> Requirement
Directions for the data below: repeat exactly the lines from the one with "Shepard leading a" through the one with "Cozy Apartment In", both included, and omit all pictures.

> Entries shown
_ _ _ _ _ _ _
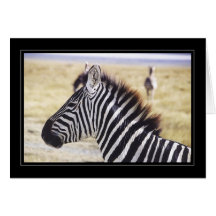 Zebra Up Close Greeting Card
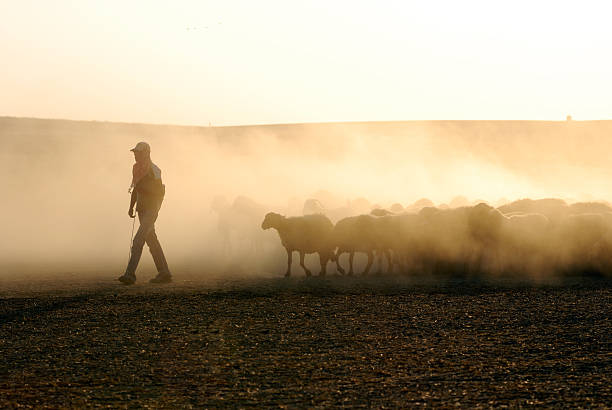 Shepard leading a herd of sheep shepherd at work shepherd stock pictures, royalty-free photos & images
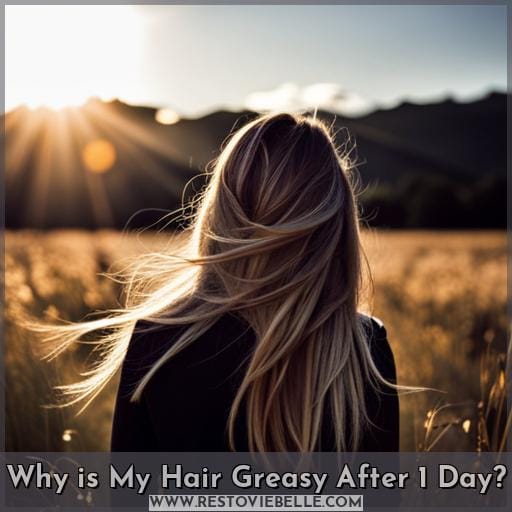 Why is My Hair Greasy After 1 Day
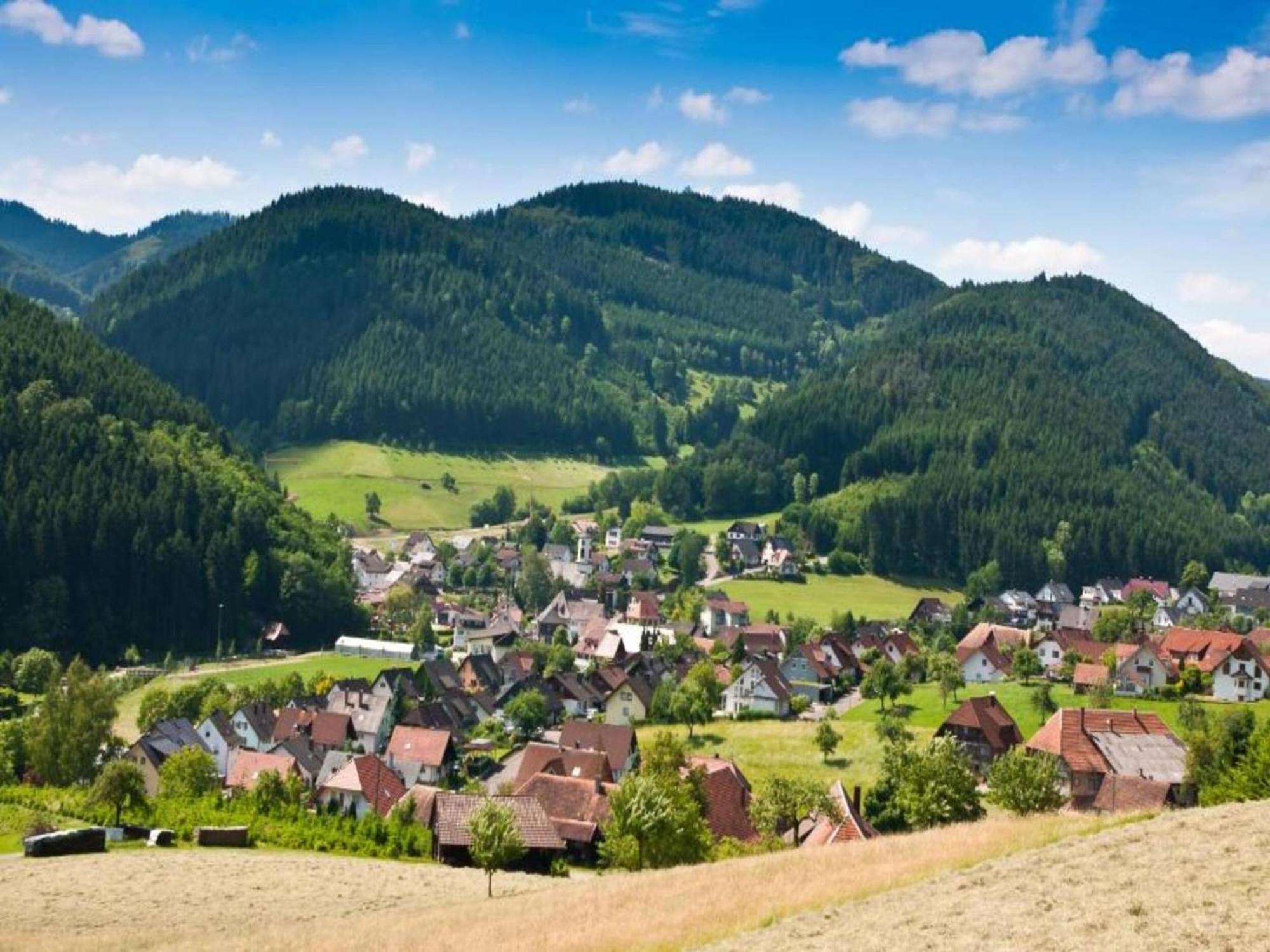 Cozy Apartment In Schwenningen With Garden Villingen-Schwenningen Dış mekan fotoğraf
_ _ _ _ _ _ _
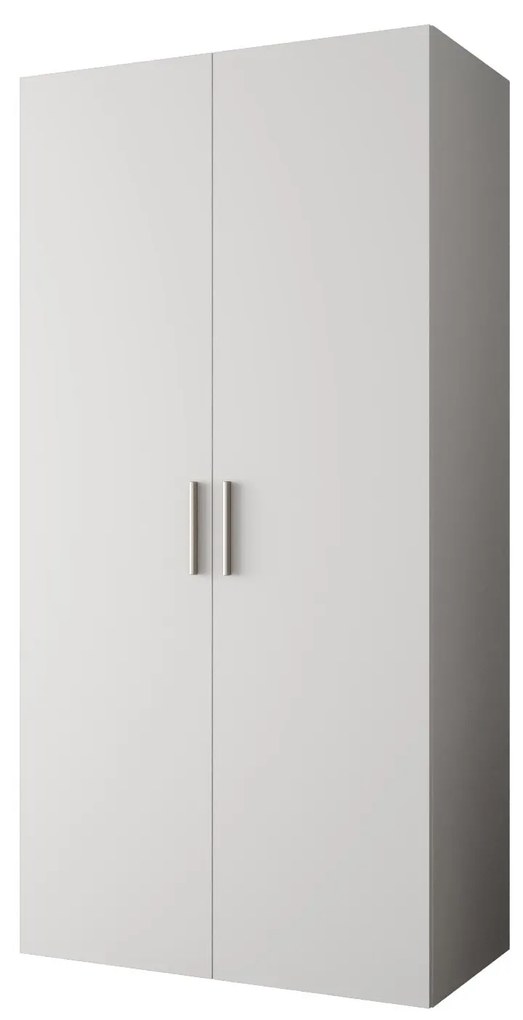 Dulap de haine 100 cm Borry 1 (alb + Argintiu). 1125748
_ _ _ _ _ _ _
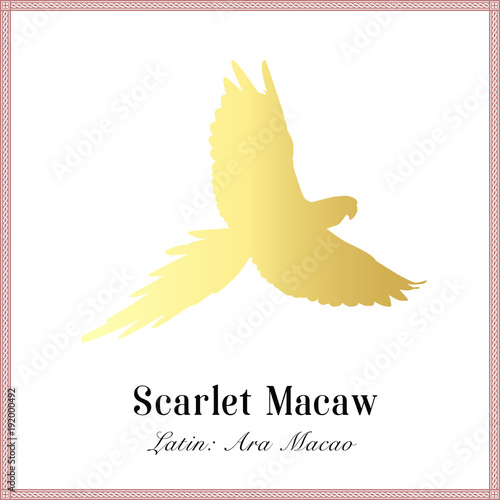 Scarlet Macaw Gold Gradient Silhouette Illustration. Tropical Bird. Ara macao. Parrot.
_ _ _ _ _ _ _
> Response below
 Shepard leading a herd of sheep shepherd at work shepherd stock pictures, royalty-free photos & images
 Why is My Hair Greasy After 1 Day
 Cozy Apartment In Schwenningen With Garden Villingen-Schwenningen Dış mekan fotoğraf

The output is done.